Bonn
42,6 Grad in Lingen - Wetterportal erkennt Hitzerekord nicht an

30.07.2019 | Stand 02.12.2020, 13:23 Uhr
42,6 Grad – in Lingen wurde eine historische Rekordtemperatur gemessen. Doch die Messbedingungen vor Ort sind fragwürdig. −Foto: Jannes Wessels / WetterOnline

Bonn (DK) 42,6 Grad - der Ort Lingen hat im letzten Julidrittel eine historische Höchsttemperatur in Deutschland erreicht. Das Wetterportal WetterOnline übt nun Kritik an diesem Wert. Grund ist der Standort der Wetterstation.

Um Messungen miteinander vergleichen zu können, gelten Standards der Weltorganisation für Meteorologie (WMO). Sie regeln, dass Thermometer an offiziellen Wetterstationen belüftet und strahlungsgeschützt sein müssen. Zudem werden wichtige Anforderungen an die nähere Umgebung einer Messstelle formuliert, damit deren Werte nicht durch Bebauung, asphaltierte Flächen oder zu starken Bewuchs verfälscht werden.

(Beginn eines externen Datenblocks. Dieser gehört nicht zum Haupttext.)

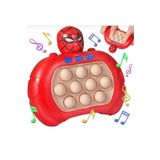 Otantik Home SPİDER-MAN ÖRÜMCEK ADAM IŞIKLI ELEKTRONİK POPİT EĞİTİCİ OYUNCAK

Schaut man sich Bilder der Wetterstation in Lingen an, so fallen dichte Hecken und eine hohe Baumreihe in nächster Nähe zum Thermometer auf. „Der natürliche Bewuchs im nächsten Umfeld der Wetterstation hat in den letzten Jahren derart zugenommen, dass es in puncto ‚Belüftung‘ in Lingen größte Probleme gibt. Die Folge ist, dass sich Hitze dort bei intensiver Sonneneinstrahlung und wenig Wind staut.“, erklärt Matthias Habel, Meteorologe und Pressesprecher von WetterOnline. 

„In der Folge werden Extremtemperaturen gemessen, die deutlich von Messungen im Umland abweichen.“ Niederländische Meteorologen haben dieses Phänomen als "Garteneffekt" bezeichnet. Tatsächlich sticht Lingen sogar regelmäßig dramatisch aus den Messungen umliegender Orte hervor, mehrere Grad Abweichung sind keine Seltenheit. 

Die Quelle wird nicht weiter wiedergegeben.